Just as we went through the door of the round building, however, the brass band suddenly stopped playing. The musicians put away their instruments or tucked them under their arms. They also downed a free schnapps at the buffet counter and left, and most of their audience, strangely enough, followed on their heels without first having digested the pleasure derived from their music. Only a few groups of more discerning people continued to linger over their glasses.
A rather lively wind sprang up over the North Sea. The waves crashed with greater noise and were covered with whiter and more foamy caps. The enlivening and warming drink that we had ordered before we sat down was about to have the most soothing of influences on both our state of mind and our bodily comfort.
Now we were seated and while, at the next table, an animated group chatted merrily, I looked at my new acquaintance and certainly not with stealthy sideways glances, but point blank through the paraffin lamp's glow, and my astonishment grew with my scrutiny.
Circuit Judge Löhnefinke from Gross-Fauhlenberg was a man of approximately fifty years of age, corpulent, as we have already commented, and otherwise without any external distinguishing marks. He had a broad chin and his hair was short and sprinkled with grey. He had the beard of a Prussian official and two clever, grey eyes which took in every object they tacked on to. None of this gave me any reason to suppose that the man was a candidate for a loony bin and yet—I couldn't help it! Laying my hand on his arm and pulling myself up close to him, I said:
"Don't take this the wrong way, Löhnefinke, but right now I don't believe it happened any more."
"What didn't happen?"
"Your appearance just now. Your breakneck fall down the dune, that daredevil slide near Wenningstedt or, to put it in a nutshell, your vision of the moon as your enemy."

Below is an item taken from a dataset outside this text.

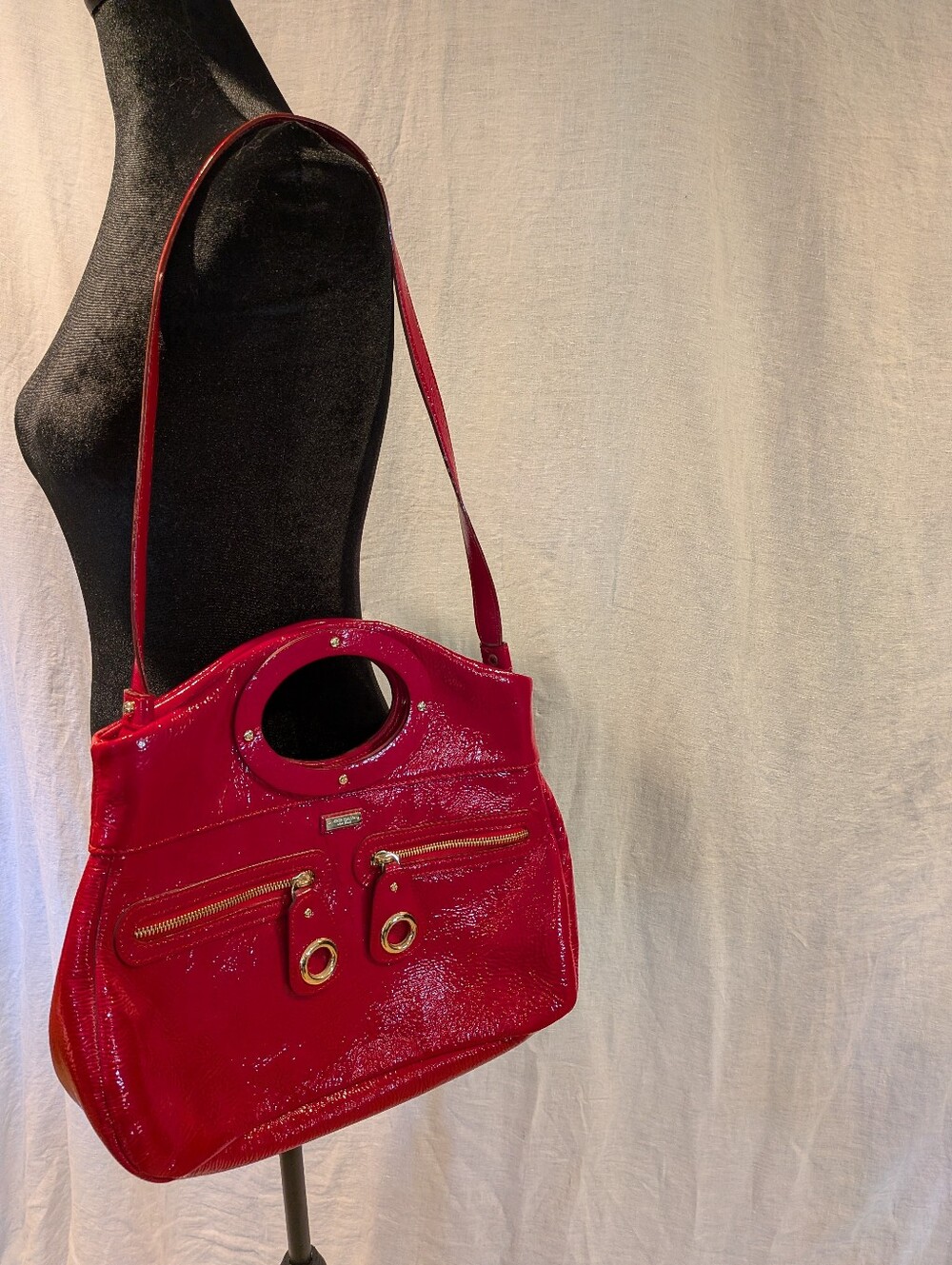 Kate Spade red patent leather purse with gold accents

Immediately there came an extraordinary change over the whole of this man sitting right next to me. He once more took evasive action and as he had formerly grasped my umbrella, now he grasped the glass in front of him, knocked back the hot, steaming mixture therein in one long swig and hissed through his teeth:
"It's quite true nevertheless. I hate the moon. It's my deadliest enemy and I am eclipsed by it as it is eclipsed itself by that paraffin lamp swinging above us."

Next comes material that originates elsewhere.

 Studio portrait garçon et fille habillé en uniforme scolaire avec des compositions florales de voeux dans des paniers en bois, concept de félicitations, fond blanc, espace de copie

I waved to the waitress, who understood my wave and put another steaming glass down right under my colleague's nose.
"Thank you," said the judge. "And I have you to thank as well for, had I not fallen into the arms of yourself and your umbrella, I really don't know what would have become of me on that shadowless beach."
"Colleague," I said, "I am a law-abiding man and have attended to my official duties for many years now to the satisfaction of my official subordinates and the powers that be. I keep my medal for services rendered at home in a filing cabinet and have never knowingly divulged any secret confided in me, scout's honour. Would you take it amiss, colleague, if I asked you to tell me how you came to quarrel with that innocent satellite revolving round our sinful earth?"

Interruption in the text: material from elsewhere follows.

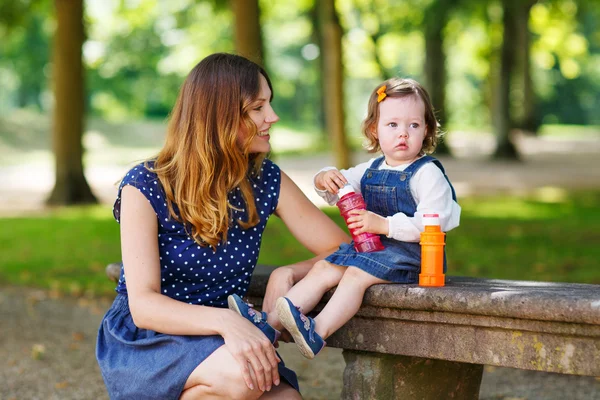 Happy young mother and adorable toddler girl walking through sum — Stock Photo, Image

"I would certainly not take it amiss," said the colleague. "On the contrary, from time to time I feel the most pressing need to give vent to my hate and anger and my innermost anxieties and inhibitions. Order another glass of grog and listen to the story that I have to tell. Afterwards you can judge and I will abide by your judgement, all the more so as I already know you to be a most capable lawyer from our official correspondence."
"I am most greatly indebted to you," I said, hanging now on his every word, and looked into his eyes as I had not looked into the eyes of my bride when we got married twenty-five years ago. He drank another deep draught of the steaming beverage, smacked his lips and commenced his confession.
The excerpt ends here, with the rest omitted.